Once a task has been identified, businesses need to select the right automation tools that fit their needs. Businesses need to build a skilled team that can oversee the implementation of the technology. This team needs to have expertise in areas such as programming, data science and process analysis.

Companies like Robocloud are making the deployment of RPA more accessible by offering it as a service. This effectively eliminates the need for businesses to shoulder the cost of infrastructure, software and the hiring and training of a dedicated team.
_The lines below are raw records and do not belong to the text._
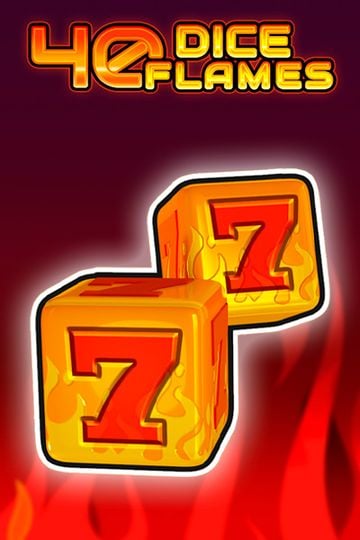 40 Dice Flames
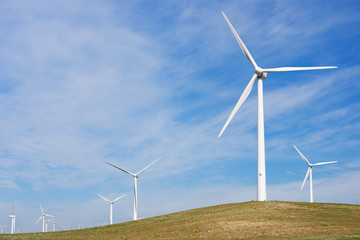 Wind energy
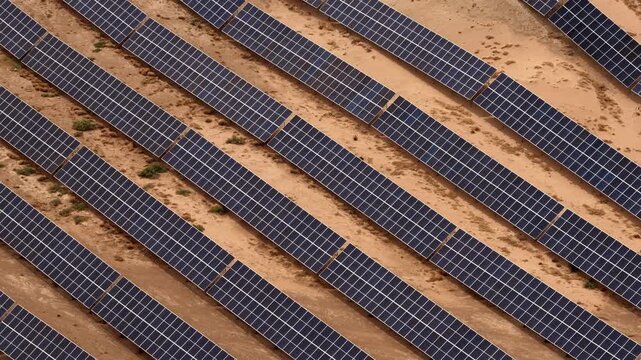 Integrated solar power and energy storage station	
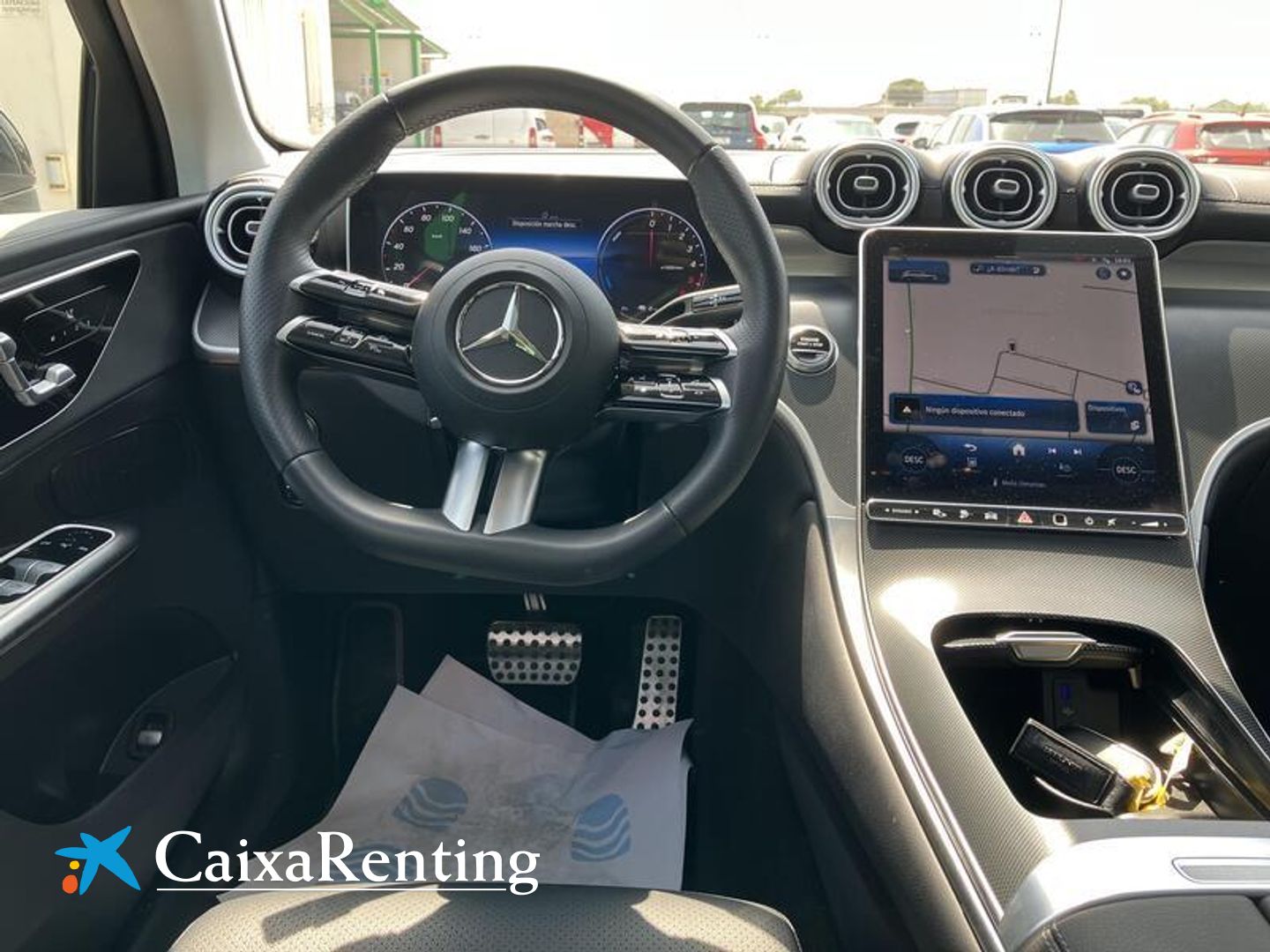 Mercedes-Benz GLC 300 de 4Matic 245 kW (333 CV)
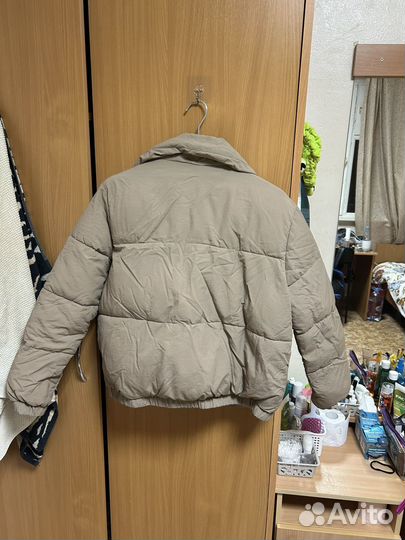 Куртка осенняя женская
Robocloud manages the implementation, maintenance and scalability of the RPA system, allowing businesses to focus on their core activities. We provide expert consultation to identify processes that would benefit from automation and design bespoke RPA solutions to meet the unique needs of each business. By offering RPA as a service, we are empowering businesses to harness the benefits of automation without the associated challenges and costs.

Moving Forward

While RPA and AI may sound similar, they are actually two distinct technologies. Where RPA focuses on automating tasks, AI aims to mimic human intelligence. However, when used together, RPA and AI can create a more efficient and effective automation system. Businesses that are looking to get started with RPA and AI need to have a clear understanding of their processes and the right tools to support them. Despite the challenges that businesses face when implementing RPA and AI, the benefits of these technologies make them worth investing in.